Breve analisi della traiettoria politica e familiare dell’attuale leader del governo israeliano
Chiunque voglia avvicinarsi alla comprensione dei fenomeni politici che hanno riguardato il Medio Oriente negli ultimi mesi non può eludere lo studio della figura del premier Benjamin Netanyahu. L’attuale primo ministro israeliano è figlio di un illustre storico, al secolo Benzion Mileikoswky, nato a Varsavia nel 1910, specialista della comunità ebraica sefardita in Spagna e quindi del Marranismo e dell’Inquisizione Spagnola, la cui famiglia cambia poi cognome dopo l’arrivo in Palestina nel 1920. Benzion era a sua volta figlio di Nathan Mileikowsky, un rabbino di profonda fede sionista, originario di Kreva nell’odierna Bielorussia, all’epoca sotto l’impero zarista. Tornando all’attuale premier israeliano, egli trascorse i primi anni della sua vita fra Israele e gli Stati Uniti, dove la famiglia si era trasferita a più riprese a causa degli impegni accademici del padre. Ritornò in Israele nel 1967, a seguito del diploma, poco dopo la Guerra dei sei giorni, per servire nell’esercito, cosa che fece fino al termine del 1972, quando si trasferì nuovamente in America.
Fonte: Wikipedia
Lì ebbe moltissimi incarichi, sia nel mondo economico-finanziario che in quello diplomatico-istituzionale, fino a ricoprire dal 1984 al 1988 la carica di ambasciatore israeliano negli States.

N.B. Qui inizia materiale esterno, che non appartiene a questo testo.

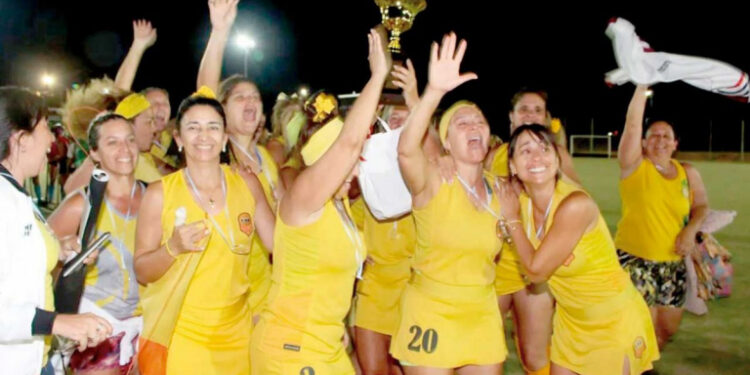 Mamis Hockey: Crucero Amarillo se subió al podio del Nacional de Intermedia en Posadas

Successivamente fece nuovamente ritorno nella sua patria d’origine dove si iscrisse al partito Likud, poco prima delle elezioni dell’88, e dove nel 1996, dopo essere uscito vittorioso dalle elezioni in occasione delle quali rivestiva il ruolo di candidato presidente del suo partito, assunse per la prima volta la carica di primo ministro dello Stato Ebraico.

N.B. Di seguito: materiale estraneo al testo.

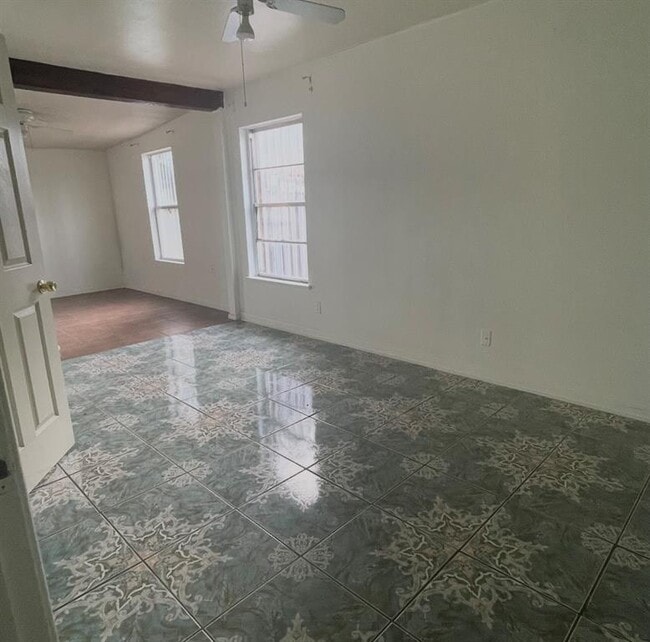 Photo - 11911 Pollyanna Ave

Un episodio cruciale per comprendere la visione che Netanyahu ha sempre avuto della questione palestinese si svolse nel 1978, in una Tv locale di Boston, quando, sotto lo pseudonimo con cui aveva preso a farsi chiamare in America, Ben Nitay, su precisa domanda se uno stato palestinese avesse o meno diritto ad esistere, egli affermò che non ve ne fosse assolutamente, in quanto sostenne che esistevano già 21 stati arabi e uno stato palestinese, ovvero la Giordania, e che perciò non vi era alcuna ragione per avere il ventiduesimo stato arabo e il secondo stato palestinese.
Fonte: BuzzFeed News
Questa dichiarazione ci offre una pista per comprendere quale sia stato, con ogni probabilità, l’atteggiamento che ha contraddistinto lo stesso Netanyahu quando prese le redini del paese all’indomani dell’assassinio di Rabin e del breve esecutivo guidato da Shimon Peres.

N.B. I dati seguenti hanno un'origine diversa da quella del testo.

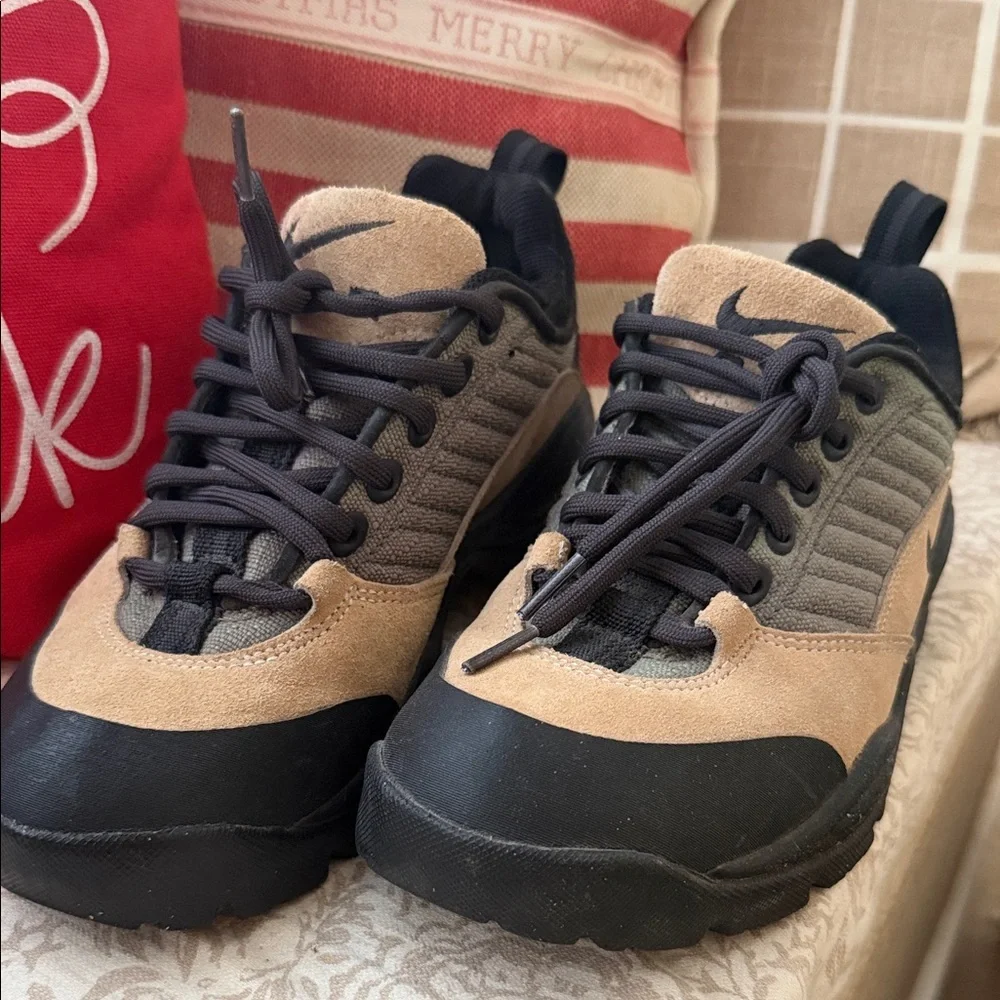 Nike vintage ACG hiking shoes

In quella fase egli ebbe infatti il compito di applicare e ampliare gli accordi di pace che avevano chiuso la Prima Intifada, ottenuti dallo stesso Rabin fra il 1993 e il 1995 e passati alla storia come Oslo I e Oslo II, in cui lo Stato israeliano e la neonata Autorità Palestinese si riconoscevano a vicenda e cercavano di preparare l’intesa per una convivenza pacifica.
I due Agreements che seguirono nel tentativo di implementare gli Accordi di Oslo, ovvero gli Accordi di Hebron del 1997 e gli Accordi di Wye River del 1998, ebbero appunto come referente da parte israeliana lo stesso Netanyahu che venti anni prima aveva asserito sull’esistenza di uno stato palestinese quanto ricordato in precedenza. Non dovrebbe perciò stupire eccessivamente se da quel momento in poi, nonostante lo spiraglio riapertosi con il governo laburista guidato da Barak subito prima della Seconda Intifada e con i governi guidati da Sharon e da Olmert, capi del partito Kadima, dal 2002 al 2009, la possibilità di un accordo serio e risolutivo sia progressivamente tramontata, in modo particolare dopo la caduta di Olmert nel 2009 e il conseguente ritorno al potere di Netanyahu.